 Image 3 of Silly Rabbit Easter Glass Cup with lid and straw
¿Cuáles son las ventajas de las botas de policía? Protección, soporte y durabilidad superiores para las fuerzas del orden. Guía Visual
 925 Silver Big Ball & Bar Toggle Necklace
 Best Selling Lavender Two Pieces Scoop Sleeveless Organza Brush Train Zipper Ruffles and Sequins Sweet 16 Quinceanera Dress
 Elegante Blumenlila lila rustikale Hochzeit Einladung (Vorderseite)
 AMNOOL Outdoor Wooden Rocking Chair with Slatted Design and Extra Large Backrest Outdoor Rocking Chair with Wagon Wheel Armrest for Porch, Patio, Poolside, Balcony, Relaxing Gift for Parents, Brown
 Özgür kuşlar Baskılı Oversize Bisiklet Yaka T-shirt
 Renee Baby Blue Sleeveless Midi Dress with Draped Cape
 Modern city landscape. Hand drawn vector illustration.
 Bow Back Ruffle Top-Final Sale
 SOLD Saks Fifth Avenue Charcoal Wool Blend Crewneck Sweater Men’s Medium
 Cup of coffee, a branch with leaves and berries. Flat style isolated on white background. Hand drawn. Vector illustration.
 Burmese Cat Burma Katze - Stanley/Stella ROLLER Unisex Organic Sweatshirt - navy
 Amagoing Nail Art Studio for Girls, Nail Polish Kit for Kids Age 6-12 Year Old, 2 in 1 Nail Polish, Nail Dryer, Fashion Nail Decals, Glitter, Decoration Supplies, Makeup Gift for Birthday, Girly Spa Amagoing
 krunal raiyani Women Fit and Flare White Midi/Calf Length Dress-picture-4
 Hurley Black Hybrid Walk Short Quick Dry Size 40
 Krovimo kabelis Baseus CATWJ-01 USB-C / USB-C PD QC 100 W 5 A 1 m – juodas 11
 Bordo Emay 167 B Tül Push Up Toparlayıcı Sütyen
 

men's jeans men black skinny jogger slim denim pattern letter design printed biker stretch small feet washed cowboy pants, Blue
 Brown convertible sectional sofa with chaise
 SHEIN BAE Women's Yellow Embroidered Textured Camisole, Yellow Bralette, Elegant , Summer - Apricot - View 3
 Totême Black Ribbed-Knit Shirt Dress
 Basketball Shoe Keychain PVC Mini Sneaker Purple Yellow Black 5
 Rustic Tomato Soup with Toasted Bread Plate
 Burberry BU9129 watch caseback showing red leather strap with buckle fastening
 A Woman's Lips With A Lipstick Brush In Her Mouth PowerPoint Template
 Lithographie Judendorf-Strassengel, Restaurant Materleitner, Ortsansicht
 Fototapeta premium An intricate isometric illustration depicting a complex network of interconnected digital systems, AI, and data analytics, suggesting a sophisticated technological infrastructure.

++++++

Copy each line holding the word "Gift" from the listing above.

Solution -
 AMNOOL Outdoor Wooden Rocking Chair with Slatted Design and Extra Large Backrest Outdoor Rocking Chair with Wagon Wheel Armrest for Porch, Patio, Poolside, Balcony, Relaxing Gift for Parents, Brown
 Amagoing Nail Art Studio for Girls, Nail Polish Kit for Kids Age 6-12 Year Old, 2 in 1 Nail Polish, Nail Dryer, Fashion Nail Decals, Glitter, Decoration Supplies, Makeup Gift for Birthday, Girly Spa Amagoing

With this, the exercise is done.